The short the term of the loan, the less risk of default, both because the principal balance is paid down faster, and you have less factors that can influence the outcome. The more equity the borrower is contributing themselves, the less risk for a number of reasons. And roughly for every 5% the debt to income ratio increases, the riskier the loan.
At the end of the day, it all hinges on what the "risk" is determined to be. And it's the entity that stands to gain the most, depending on what the risk is, that determines the risk.
That's the fatal flaw, IMO. Because the bank can just lie, and say that it's a high risk when it's not really a high risk.
I think, there should be laws that risk assessment can not be done by the lender itself and must come from an impartial party.
You are really making things up. You are aware it is the bank's money. Yes in theory they could lie (banks are heavily regulated, that could easily be figured out, they would be sued for discrimination, lose, and be fined, but we will gloss over that), but the Raiders always have the option of... wait for it, going to another bank or lender.
The point is you, speaking on something you have absolutely no knowledge of (this is unfortunately a repeating pattern), claimed there is no additional risk and no reason to raise the interest rate if they change the loan amount or repayment term.
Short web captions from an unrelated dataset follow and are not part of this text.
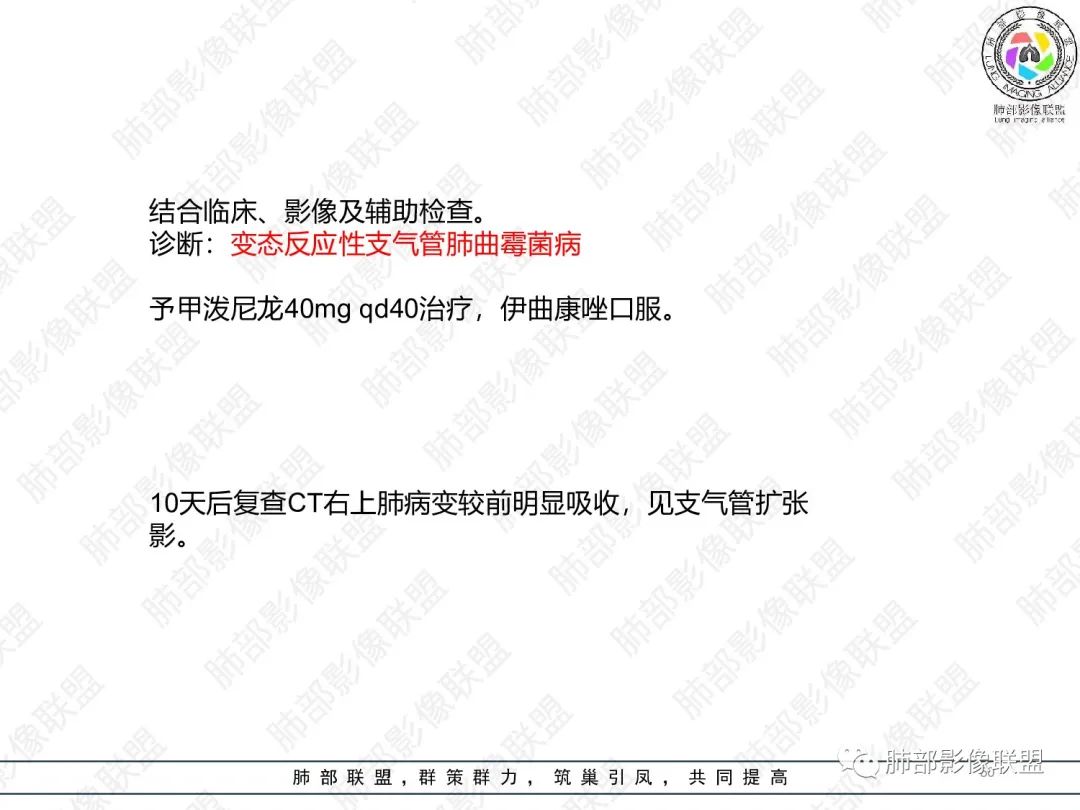 影像PPT - 【病例】变应性支气管肺曲霉病ABPA一例CT影像-49 影像PPT - 【病例】变应性支气管肺曲霉病ABPA一例CT影像-49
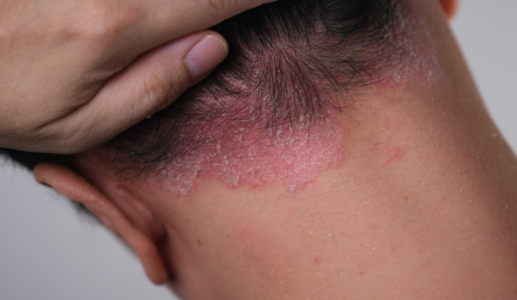 Vảy nến da đầu dễ tái phát, cải thiện ra sao?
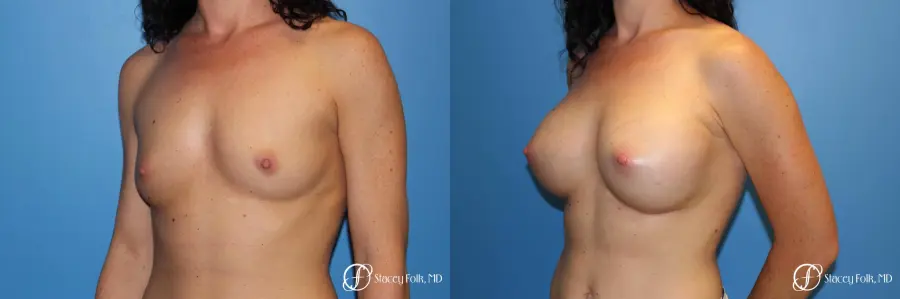 Denver Breast Augmentation using Sientra Breast Implants 7135 - Before and After 2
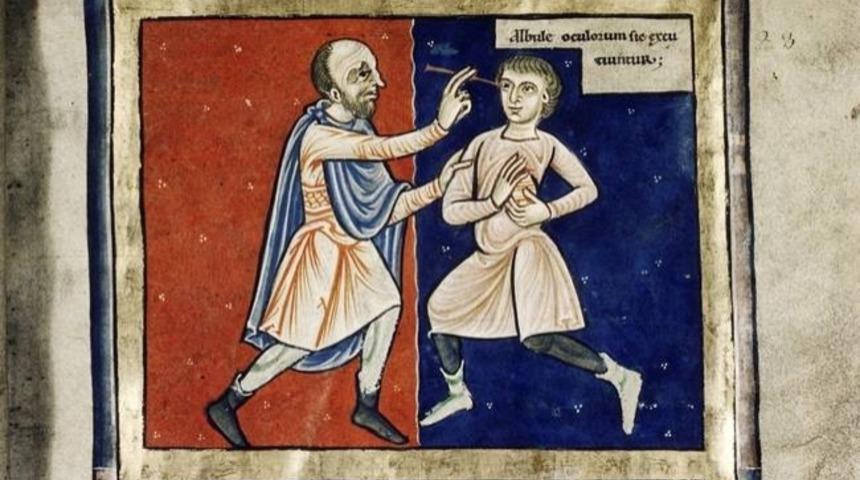 Sizi Modern &Ccedil;ağlarda Yaşadığınıza Ş&uuml;krettirecek 6 Orta&ccedil;ağ Tedavisi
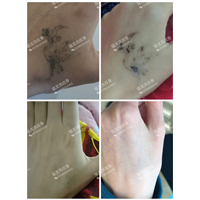 深圳洗纹身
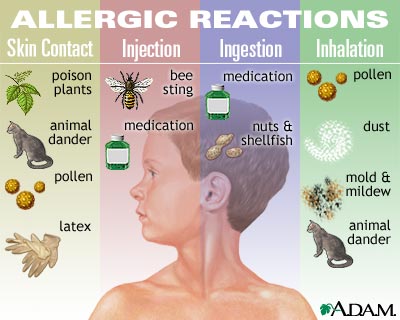 аллергия и лечение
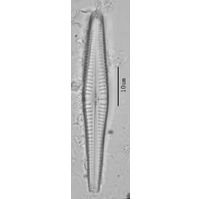 Gompohonema angustum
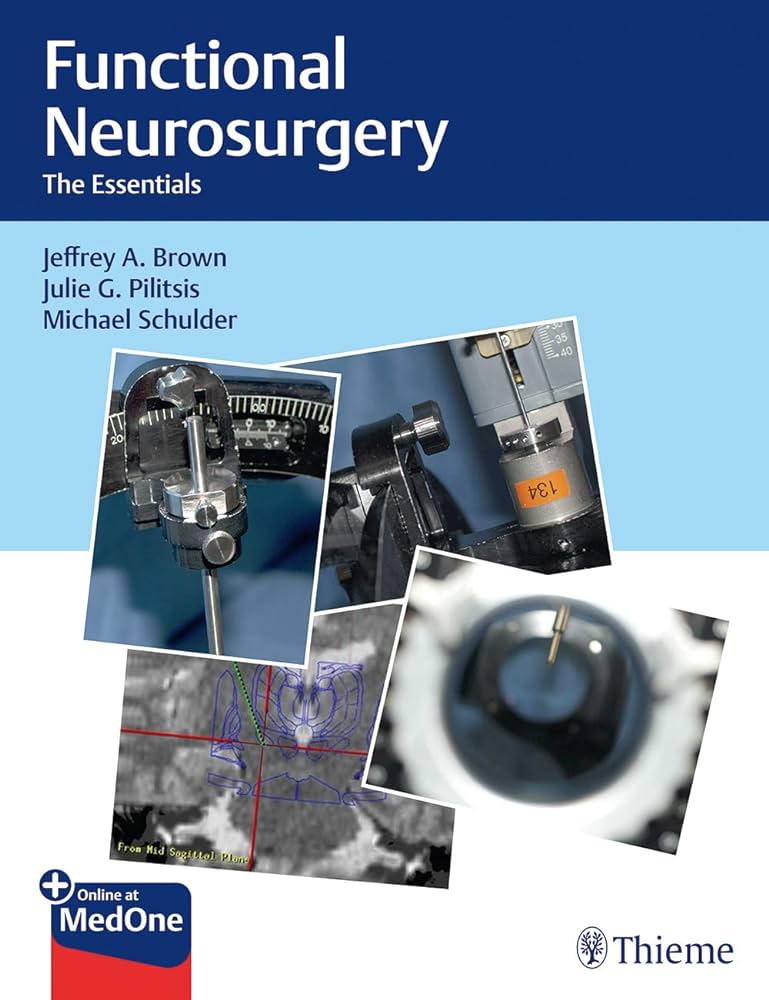 جراحی مغز و اعصاب عملکردی چیست؟  Functional Neurosurgery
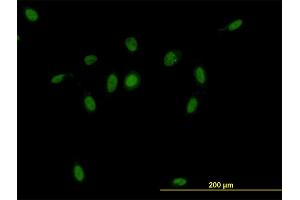 Immunofluorescence of monoclonal antibody to CSE1L on HeLa cell. (Exportin 2 anticorps  (AA 872-971))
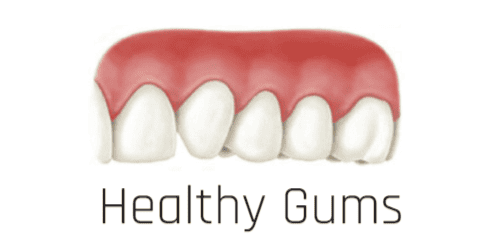 Gum Recession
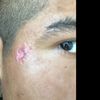 Quiero eliminar o minimizar una cicatriz de mi cara¿algún tipo de cirugía me puede ayudar?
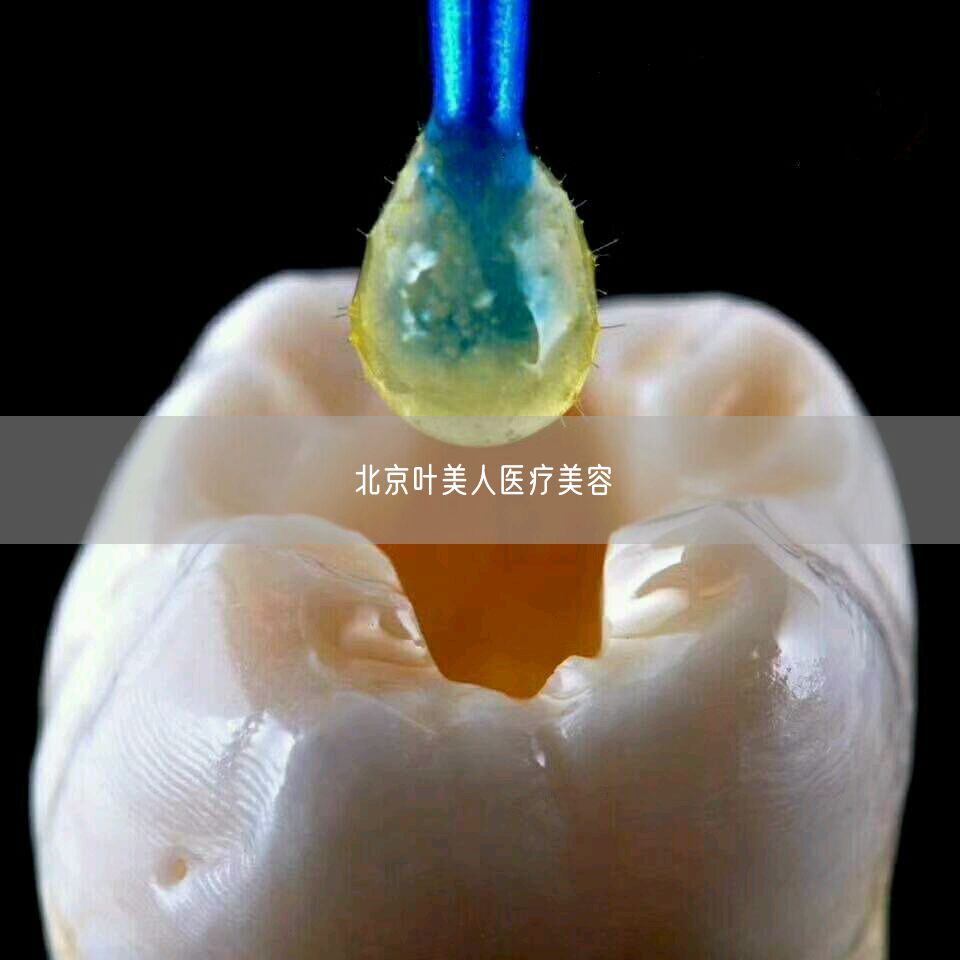 北京叶美人医疗美容(图1) 北京叶美人医疗美容(图1)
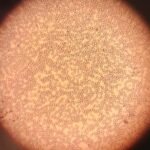 Archive micrograph of red blood cells, April2024, not a Casgevy patient or treatment image.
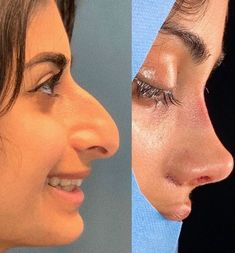 #plasticsurgery #plasticsurgerygonewrong #beforeafter #celebritiesbeforeafter #hollywoodstars #bignosesurgery #surgery #facesurgery #vlinesurgery #koreanplasticsurgery #kpopplasticsurgery #nosejob #jawreductionsurgery #eyesurgery #cheekfillers #rhinoplasty #facelift #plasticsurgeryfails #expensiveplasticsurgery Dream Nose, Dr Ali, Big Nose Beauty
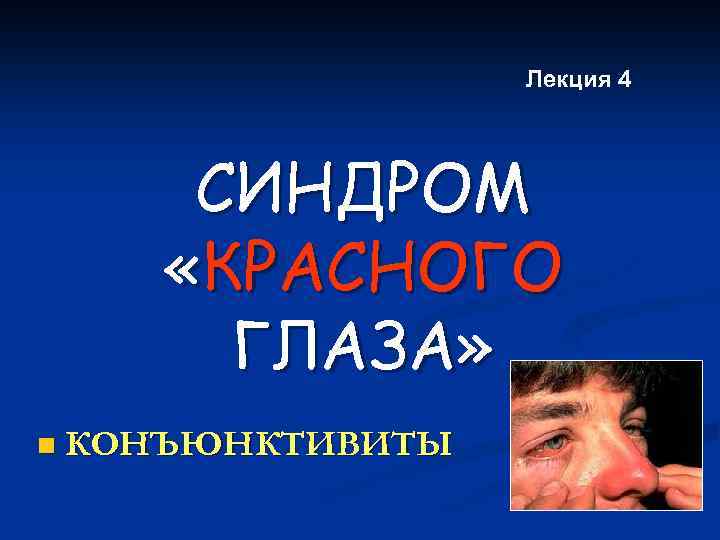 Лекция 4 СИНДРОМ «КРАСНОГО ГЛАЗА» n КОНЪЮНКТИВИТЫ 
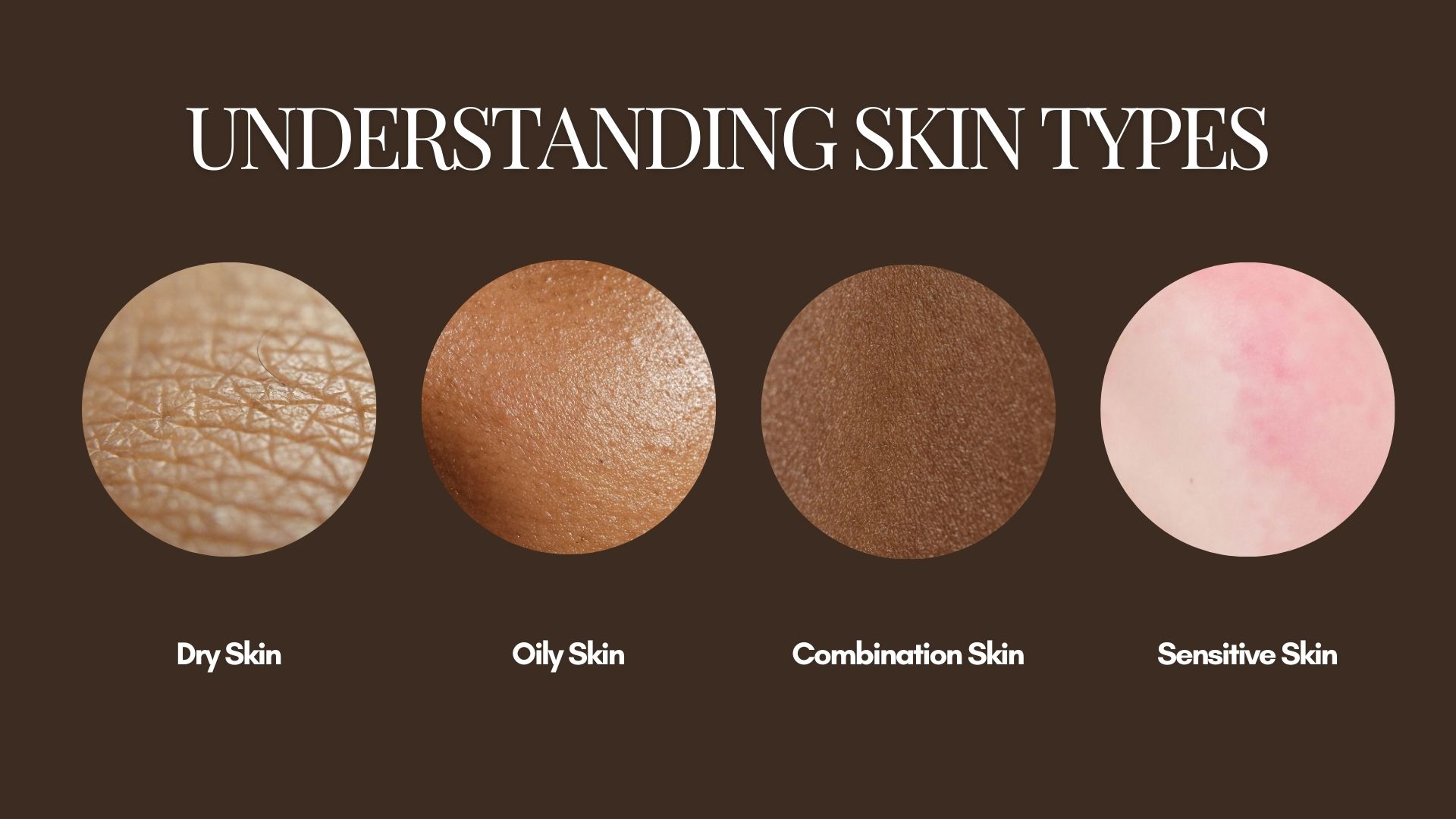 What is Sensitive Skin?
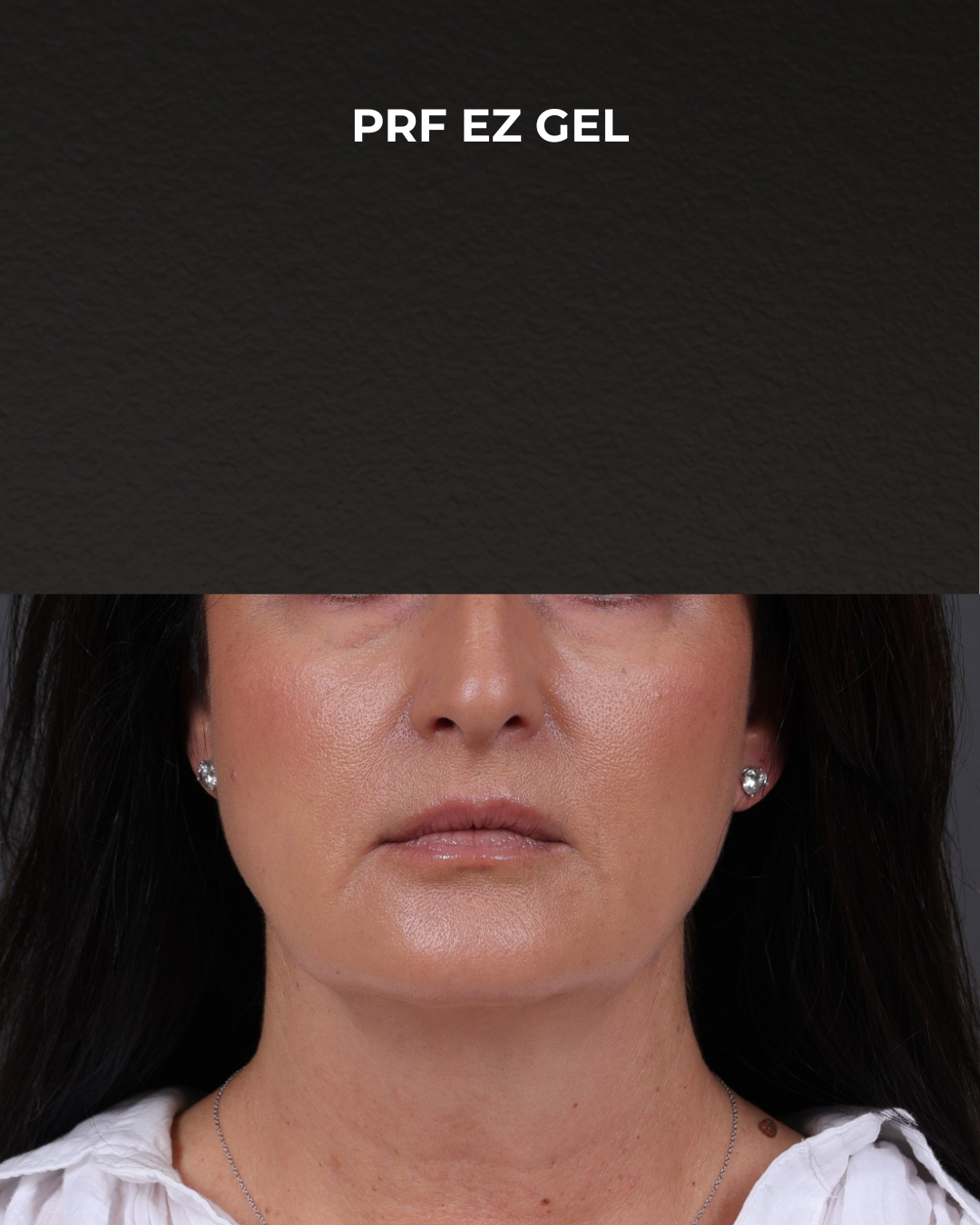 Dermal Fillers Before & After Gallery - Patient 186879 - Image 2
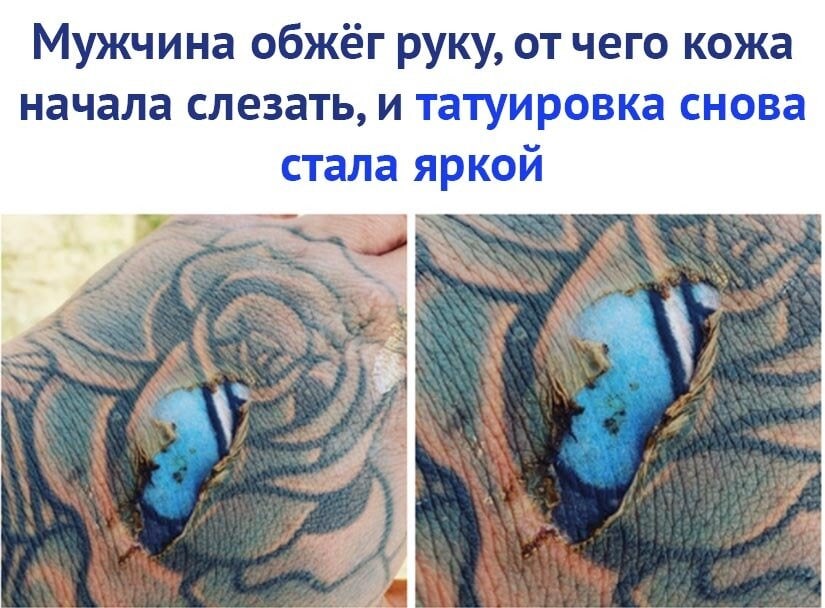 Мужчина обжёг руку от чего кожа начала слезать и татуировка снова стала яркой
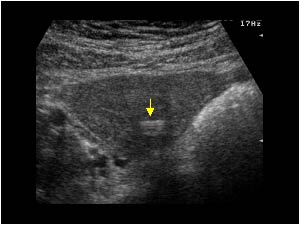 IUD in the posterior wall of the uterus transverse
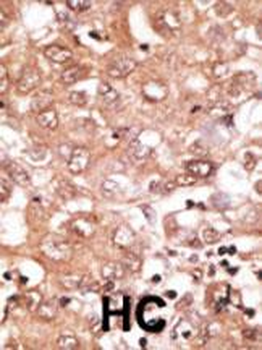 BMP9 (GDF2) Antibody (N-term)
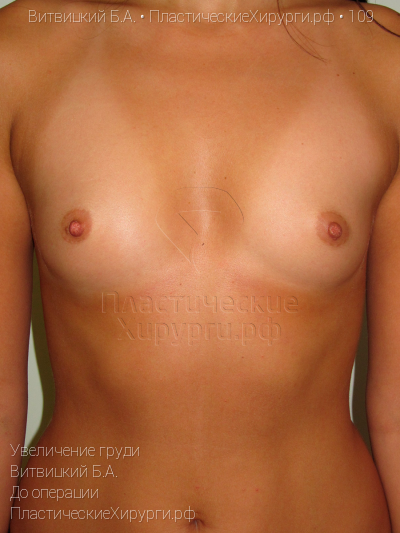 увеличение груди, пластический хирург Витвицкий Б. А., результат №109, ракурс 1, фото до операции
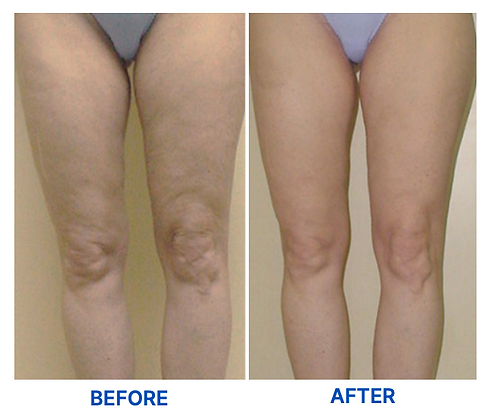 Results of Liquid Lipo in Greenville, SC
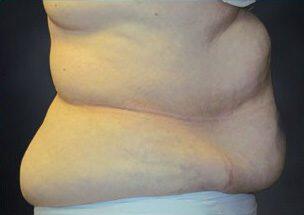 Tummy Tuck Before & After Image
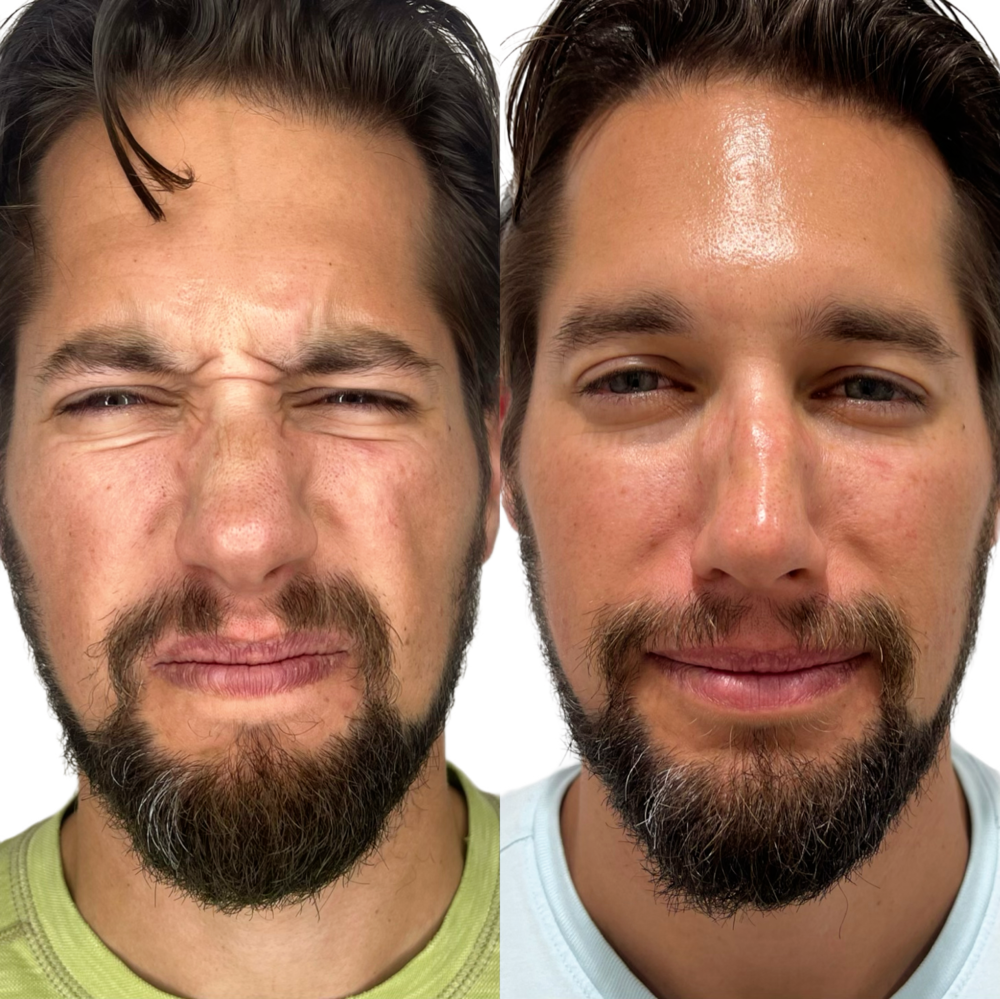 Dysport Before & After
That is so full of ****, I really don't even know where to start. But it shows a pure and willful ignorance of basic banking, lending, and investment strategies, regulations, and risk evaluation.
Nice try. That's not what I originally said.
I originally said that there would be no decrease in ROI. And I said that because I had the example of home mortgages in my mind, which I showed is correct.
Thanks to more patient, and far less insulting, posters, I now understand that it depends on "risk".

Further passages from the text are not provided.